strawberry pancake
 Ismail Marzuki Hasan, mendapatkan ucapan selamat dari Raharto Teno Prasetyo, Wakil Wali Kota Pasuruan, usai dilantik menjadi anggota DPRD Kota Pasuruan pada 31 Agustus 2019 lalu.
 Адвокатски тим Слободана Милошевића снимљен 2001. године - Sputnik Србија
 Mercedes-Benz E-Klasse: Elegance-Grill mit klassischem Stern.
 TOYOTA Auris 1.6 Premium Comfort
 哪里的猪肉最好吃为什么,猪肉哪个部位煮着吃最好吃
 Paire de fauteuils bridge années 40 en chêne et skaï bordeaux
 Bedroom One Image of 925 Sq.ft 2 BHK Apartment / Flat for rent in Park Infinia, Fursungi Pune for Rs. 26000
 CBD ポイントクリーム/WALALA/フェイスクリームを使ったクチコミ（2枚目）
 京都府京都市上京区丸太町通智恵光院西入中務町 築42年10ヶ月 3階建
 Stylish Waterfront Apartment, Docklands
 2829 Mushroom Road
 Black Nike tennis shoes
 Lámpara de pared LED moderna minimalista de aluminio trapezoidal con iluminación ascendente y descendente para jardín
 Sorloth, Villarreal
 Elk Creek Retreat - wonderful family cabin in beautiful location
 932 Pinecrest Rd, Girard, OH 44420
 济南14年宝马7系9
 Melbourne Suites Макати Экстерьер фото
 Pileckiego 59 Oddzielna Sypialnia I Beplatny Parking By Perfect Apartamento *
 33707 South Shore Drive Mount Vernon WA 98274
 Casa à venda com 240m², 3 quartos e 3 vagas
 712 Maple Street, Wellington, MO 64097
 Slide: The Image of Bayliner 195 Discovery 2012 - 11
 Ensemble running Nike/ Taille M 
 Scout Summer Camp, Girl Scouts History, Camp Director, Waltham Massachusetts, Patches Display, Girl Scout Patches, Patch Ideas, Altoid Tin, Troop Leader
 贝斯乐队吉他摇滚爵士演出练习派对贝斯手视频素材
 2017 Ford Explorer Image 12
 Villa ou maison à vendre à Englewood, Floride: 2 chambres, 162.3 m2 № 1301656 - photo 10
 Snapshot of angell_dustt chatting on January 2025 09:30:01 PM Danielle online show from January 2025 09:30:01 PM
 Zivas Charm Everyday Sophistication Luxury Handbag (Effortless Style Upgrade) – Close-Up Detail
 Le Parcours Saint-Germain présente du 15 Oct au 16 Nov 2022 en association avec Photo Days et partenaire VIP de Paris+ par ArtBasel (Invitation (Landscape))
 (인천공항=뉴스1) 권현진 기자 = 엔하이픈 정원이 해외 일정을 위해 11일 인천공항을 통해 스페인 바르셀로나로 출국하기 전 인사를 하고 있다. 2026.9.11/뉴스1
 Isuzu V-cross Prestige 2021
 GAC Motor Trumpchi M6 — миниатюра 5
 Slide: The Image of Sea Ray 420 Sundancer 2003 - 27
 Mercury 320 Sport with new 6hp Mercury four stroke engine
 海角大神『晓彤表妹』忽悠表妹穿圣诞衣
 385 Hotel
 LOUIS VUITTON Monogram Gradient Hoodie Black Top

→ **TASK TO COMPLETE**: Every entry must come back exactly as written above.

→ **RESPONSE BOX**:
strawberry pancake
 Ismail Marzuki Hasan, mendapatkan ucapan selamat dari Raharto Teno Prasetyo, Wakil Wali Kota Pasuruan, usai dilantik menjadi anggota DPRD Kota Pasuruan pada 31 Agustus 2019 lalu.
 Адвокатски тим Слободана Милошевића снимљен 2001. године - Sputnik Србија
 Mercedes-Benz E-Klasse: Elegance-Grill mit klassischem Stern.
 TOYOTA Auris 1.6 Premium Comfort
 哪里的猪肉最好吃为什么,猪肉哪个部位煮着吃最好吃
 Paire de fauteuils bridge années 40 en chêne et skaï bordeaux
 Bedroom One Image of 925 Sq.ft 2 BHK Apartment / Flat for rent in Park Infinia, Fursungi Pune for Rs. 26000
 CBD ポイントクリーム/WALALA/フェイスクリームを使ったクチコミ（2枚目）
 京都府京都市上京区丸太町通智恵光院西入中務町 築42年10ヶ月 3階建
 Stylish Waterfront Apartment, Docklands
 2829 Mushroom Road
 Black Nike tennis shoes
 Lámpara de pared LED moderna minimalista de aluminio trapezoidal con iluminación ascendente y descendente para jardín
 Sorloth, Villarreal
 Elk Creek Retreat - wonderful family cabin in beautiful location
 932 Pinecrest Rd, Girard, OH 44420
 济南14年宝马7系9
 Melbourne Suites Макати Экстерьер фото
 Pileckiego 59 Oddzielna Sypialnia I Beplatny Parking By Perfect Apartamento *
 33707 South Shore Drive Mount Vernon WA 98274
 Casa à venda com 240m², 3 quartos e 3 vagas
 712 Maple Street, Wellington, MO 64097
 Slide: The Image of Bayliner 195 Discovery 2012 - 11
 Ensemble running Nike/ Taille M 
 Scout Summer Camp, Girl Scouts History, Camp Director, Waltham Massachusetts, Patches Display, Girl Scout Patches, Patch Ideas, Altoid Tin, Troop Leader
 贝斯乐队吉他摇滚爵士演出练习派对贝斯手视频素材
 2017 Ford Explorer Image 12
 Villa ou maison à vendre à Englewood, Floride: 2 chambres, 162.3 m2 № 1301656 - photo 10
 Snapshot of angell_dustt chatting on January 2025 09:30:01 PM Danielle online show from January 2025 09:30:01 PM
 Zivas Charm Everyday Sophistication Luxury Handbag (Effortless Style Upgrade) – Close-Up Detail
 Le Parcours Saint-Germain présente du 15 Oct au 16 Nov 2022 en association avec Photo Days et partenaire VIP de Paris+ par ArtBasel (Invitation (Landscape))
 (인천공항=뉴스1) 권현진 기자 = 엔하이픈 정원이 해외 일정을 위해 11일 인천공항을 통해 스페인 바르셀로나로 출국하기 전 인사를 하고 있다. 2026.9.11/뉴스1
 Isuzu V-cross Prestige 2021
 GAC Motor Trumpchi M6 — миниатюра 5
 Slide: The Image of Sea Ray 420 Sundancer 2003 - 27
 Mercury 320 Sport with new 6hp Mercury four stroke engine
 海角大神『晓彤表妹』忽悠表妹穿圣诞衣
 385 Hotel
 LOUIS VUITTON Monogram Gradient Hoodie Black Top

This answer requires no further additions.